Friday, May 17, 2019

DoD Recovers More Than $7 Billion from Procurement Fraud in a Five Year Period

The 2018 NDAA (National Defense Authorization Act) required the Defense Department to submit a report on defense contracting fraud for the previous five fiscal years (2013 through 2017). That report has not been published and shows some surprising results. We are all aware that there is significant fraud occurring in Government contracting and in DoD contracts in particular. We report on some of those on these pages from time to time. What we did not know was the magnitude of the occurrences and recoveries, until now.

The report, entitled "Report to Congress, Section 889 of the FY 2018 NDAA, Report of Defense Contracting Fraud was issued last December and reported the following:

  • During the five year reporting period, there were 1,059 cases resulting in a criminal conviction of 1,087 defendants. 678 of those were individuals while the remaining 409 were business entities. As a result of these convictions, a total of $369 million was recovered in fines and penalties, $370 million was recovered through restitution, and $53 million was recovered through forfeiture of property (total: $792 million).
  • Those recoveries, while impressive, pale in relation to recoveries from civil judgments and settlements. Over the same five year period, a total of $5.8 billion was recovered in civil judgments and settlements. Comprising these cases were 546 defendants (or respondents) of which 111 were individual persons and 435 were business entities.
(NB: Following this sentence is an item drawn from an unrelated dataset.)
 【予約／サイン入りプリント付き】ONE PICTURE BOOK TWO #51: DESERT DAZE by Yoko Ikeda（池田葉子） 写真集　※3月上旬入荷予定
Another interesting statistic coming from the report indicates that a handful of contractors are responsible for the majority of the fraud.  The total number of individuals or entities indicted for, settled charges of, been fine by any Federal department or agency for, or have been convicted of procurement fraud, involved 168 contractors with 16 million contract actions valued at $334 billion. Ninety-four percent of the 16 million contract actions was from a single contractor and 76 percent of the $334 billion was from two contractors.

Procurement fraud includes such things as cost and labor mischarging, defective pricing, price fixing, bid rigging, and defective and/or counterfeit parts.